* Aim of the task *
Below are entries to reproduce exactly, apart from their pictures.

*** Opening Recorded data ***

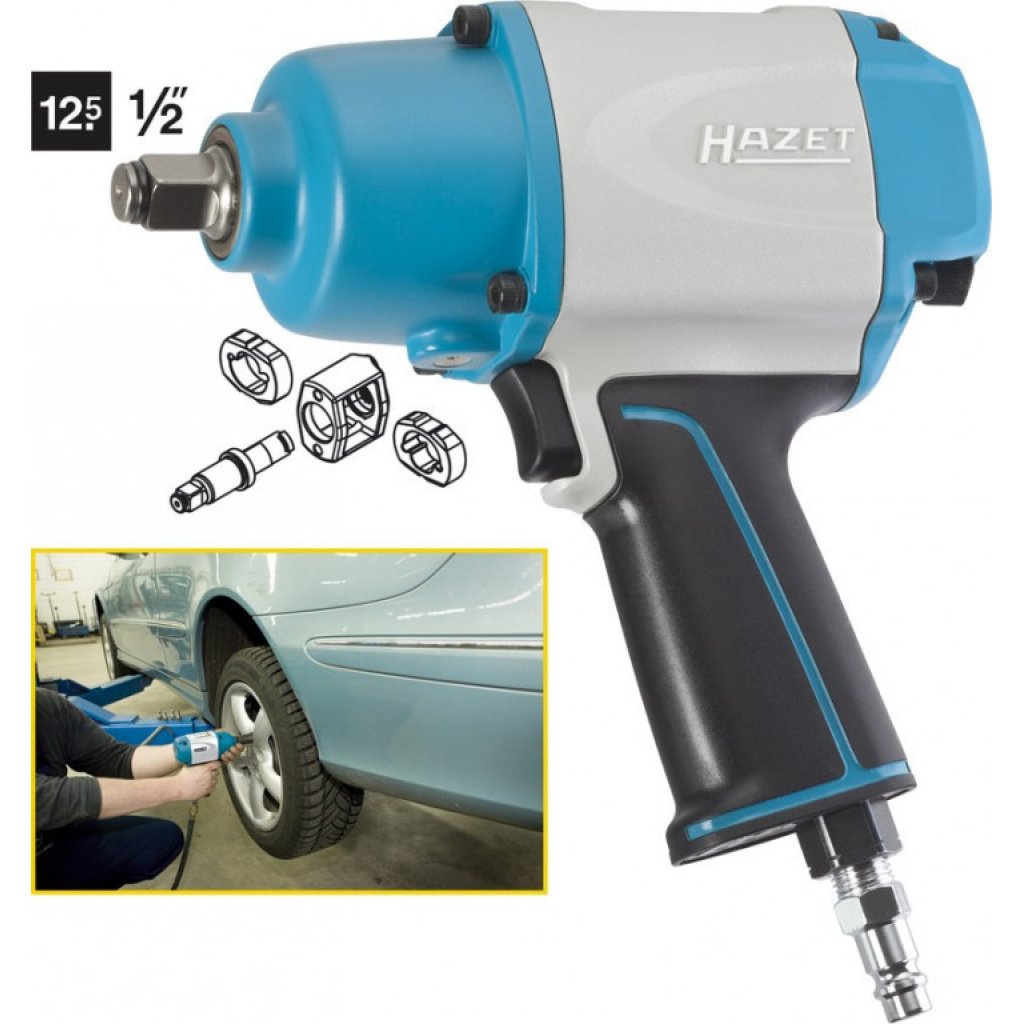 Pneumatický rázový utahovák 1/2", 850Nm - HA119639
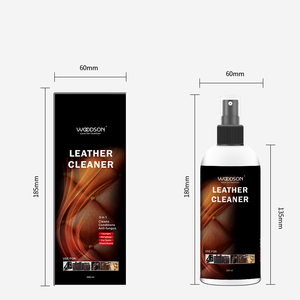 Soin du <span class=keywords><strong>cuir</strong></span> premium 3 <span class=keywords><strong>en</strong></span> 1 Nettoyant, conditionneur et antifongique pour chaussures <span class=keywords><strong>en</strong></span> <span class=keywords><strong>cuir</strong></span>, sac, <span class=keywords><strong>canapé</strong></span> et sièges de voiture - Product Image 4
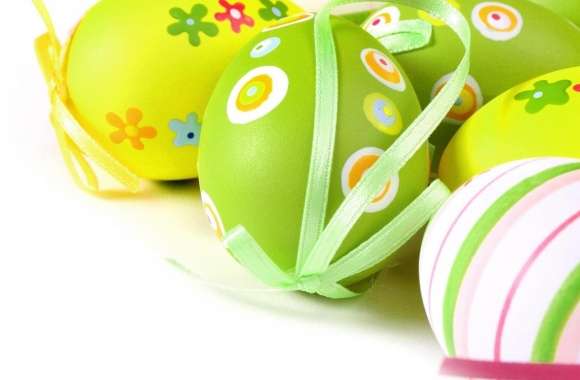 Easter Eggs Macro wallpapers hd quality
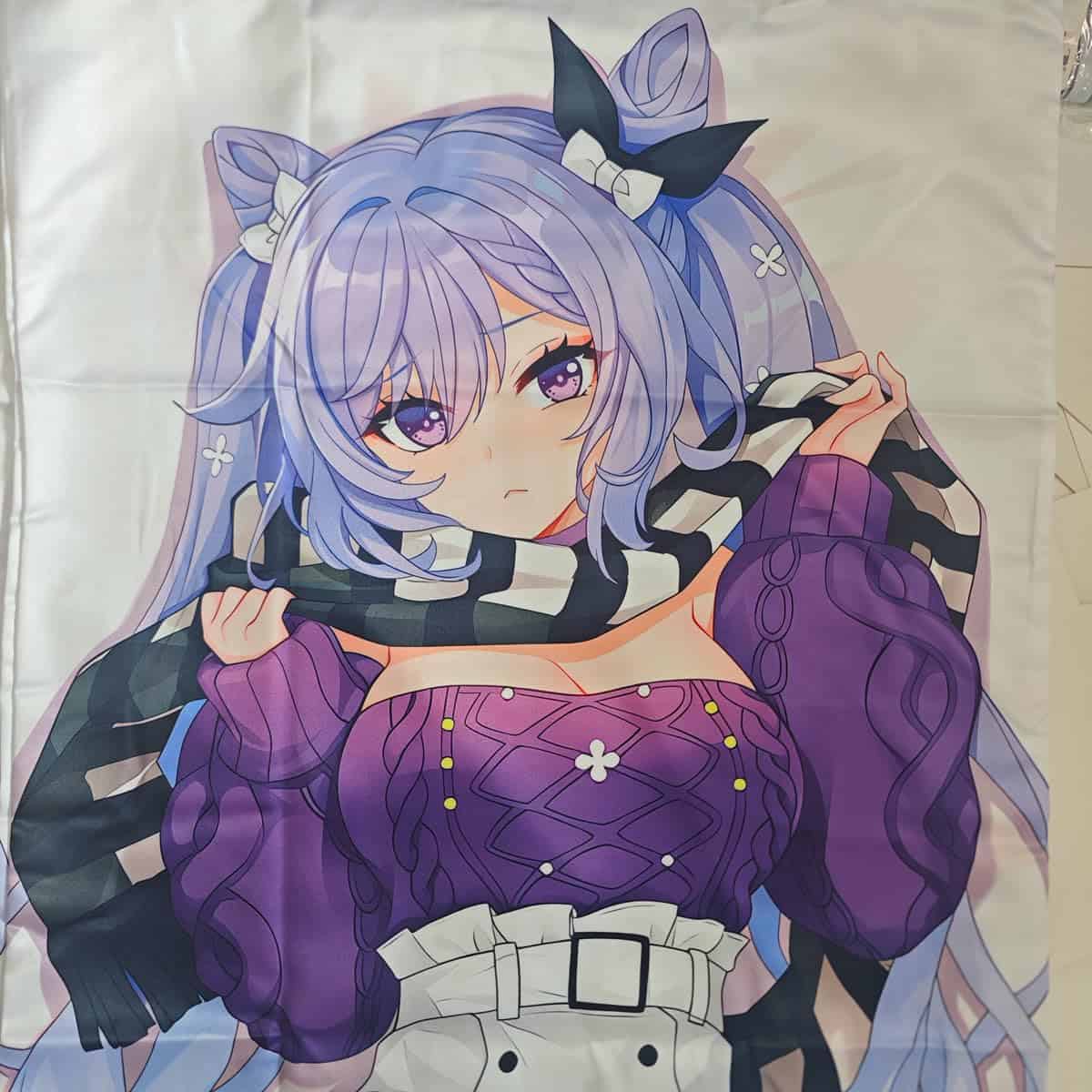 Funda de almohada de cuerpo abrazable Keqing Kokusei de - Imagen 3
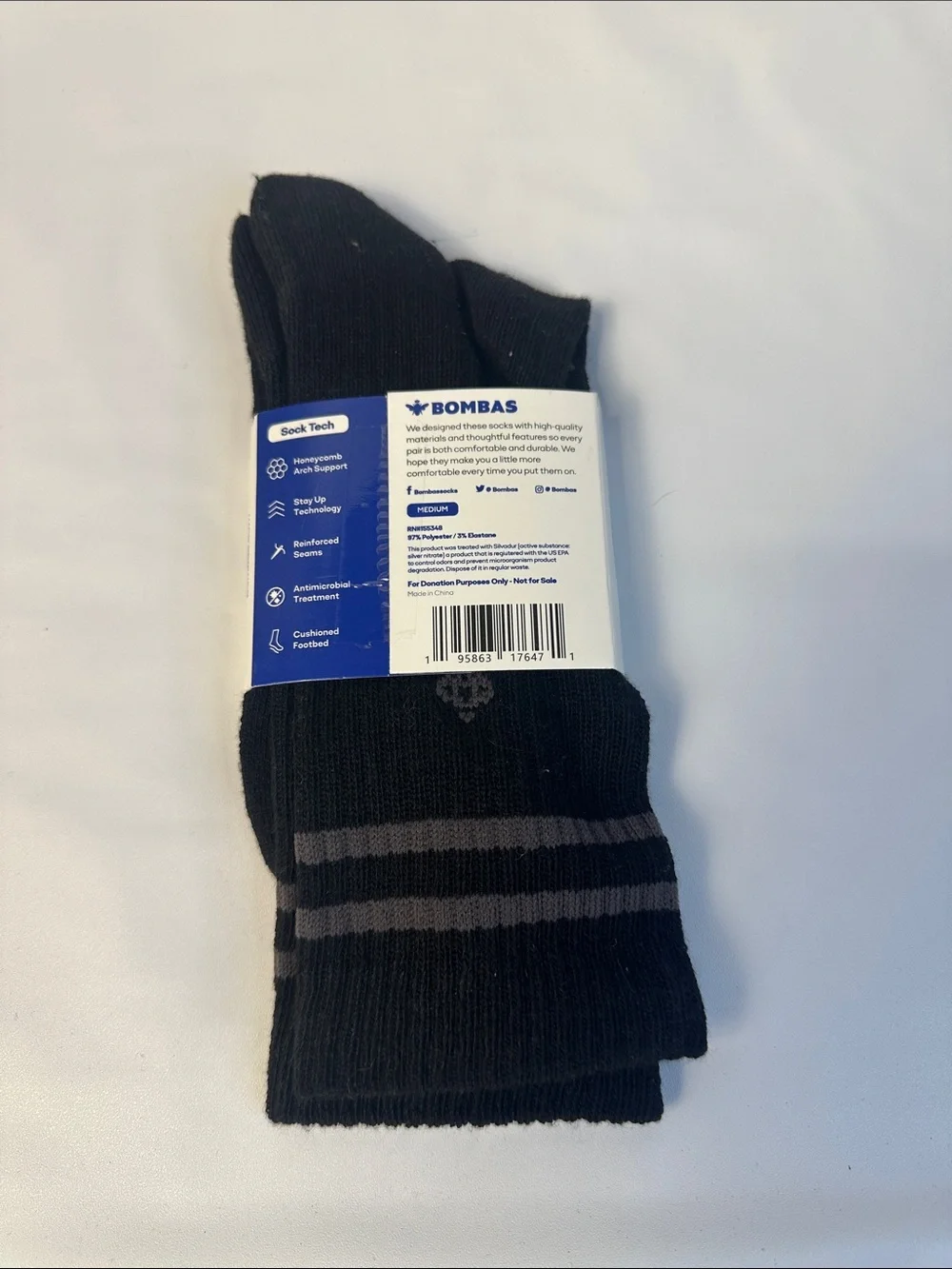 Bombas comfortable crew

*** Closing Recorded data ***

* Exercise solution *
 Pneumatický rázový utahovák 1/2", 850Nm - HA119639
 Soin du <span class=keywords><strong>cuir</strong></span> premium 3 <span class=keywords><strong>en</strong></span> 1 Nettoyant, conditionneur et antifongique pour chaussures <span class=keywords><strong>en</strong></span> <span class=keywords><strong>cuir</strong></span>, sac, <span class=keywords><strong>canapé</strong></span> et sièges de voiture - Product Image 4
 Easter Eggs Macro wallpapers hd quality
 Funda de almohada de cuerpo abrazable Keqing Kokusei de - Imagen 3
 Bombas comfortable crew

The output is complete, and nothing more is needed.